In Sudan, at least five humanitarian aid workers were killed in a deadly overnight ambush on a United Nations food delivery convoy Monday in Darfur. The 15-truck food aid convoy was transporting critical supplies from Port Sudan to North Darfur when it was attacked by unknown assailants, injuring several others. The World Food Programme and others condemned the attack, in which trucks were burned, as a violation of humanitarian law and urged an investigation, as the convoy’s route had been shared in advance with the Sudanese army and Rapid Support Forces. This comes as Sudan is facing worsening famine, exacerbated by the sudden suspension of U.S. aid by the Trump administration, which experts warn could prompt one of the deadliest hunger crises in the last half a century.

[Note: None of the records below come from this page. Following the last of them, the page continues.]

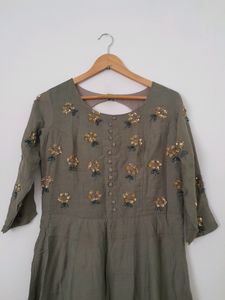 Olive Embroidered Kurta (Women&#39;s)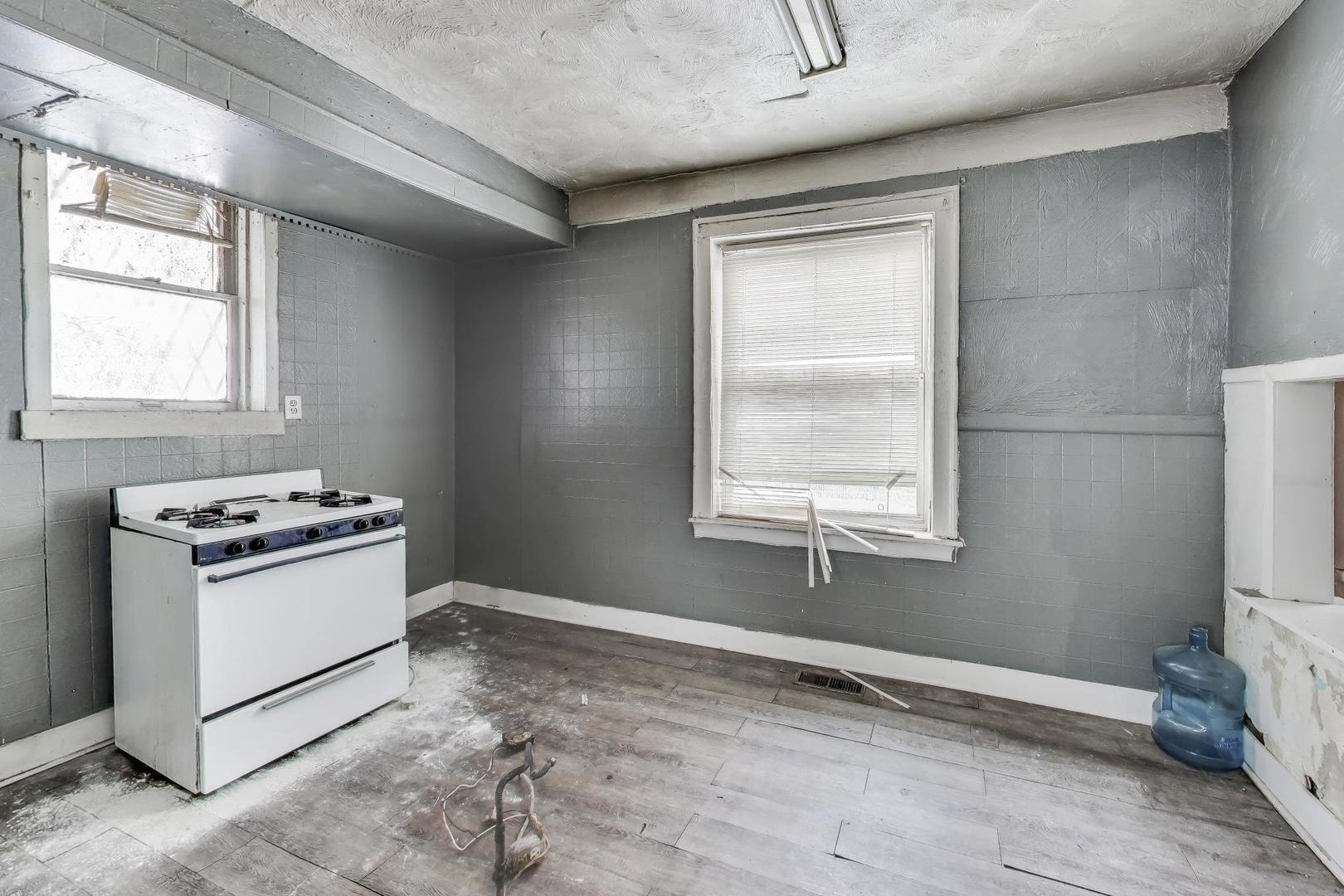 4105-03 W Grenshaw Street, Chicago, IL 60624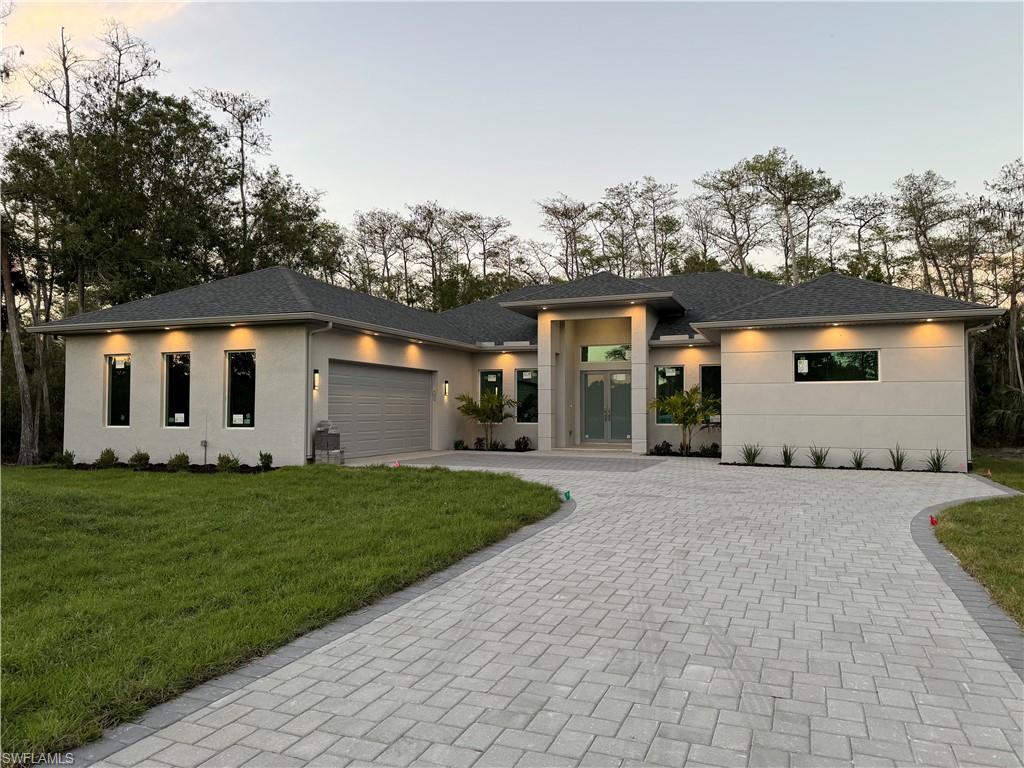 2461 Golden Gate Blvd E Property Photo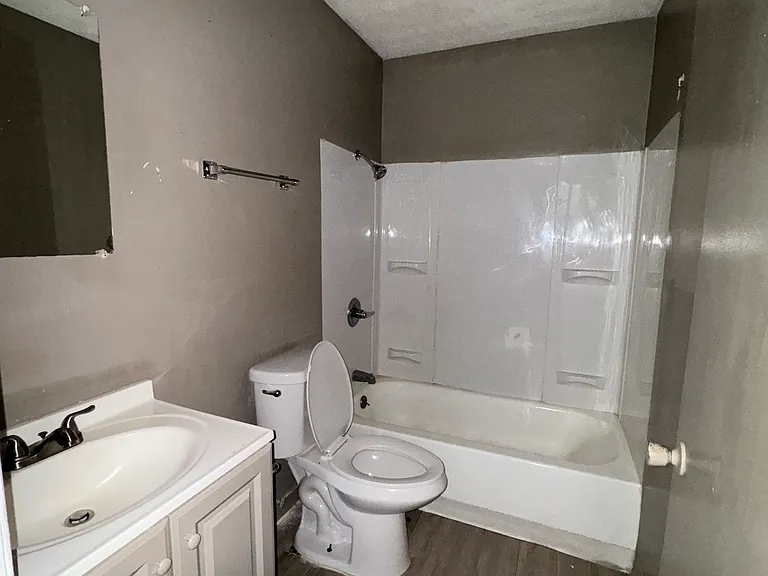 4725 Hoffman Rd #2 — Photo 3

Patrice Dossou Ahouansou: “This is an unprecedented crisis that we are facing. This is a crisis of humanity. … Without a significant increase in funding, lifesaving assistance cannot be delivered at the scale and at the speed that is required.”
More than two years of war in Sudan has created what international groups describe as the world’s largest displacement and hunger crisis, with an estimated 4 million people forced to flee Sudan since 2023, according to the U.N.
This all comes as Sudanese officials have reported at least another 70 deaths in recent days due to cholera, with hundreds of new infections, most of them in the state of Khartoum. The region’s water treatment stations have been damaged due to electricity outages caused by strikes, forcing local residents to turn to unsafe water sources. Aid workers say corpses of people killed in attacks between Sudanese soldiers and RSF fighters have been left to rot next to the Nile River, partially triggering the quick spread of cholera.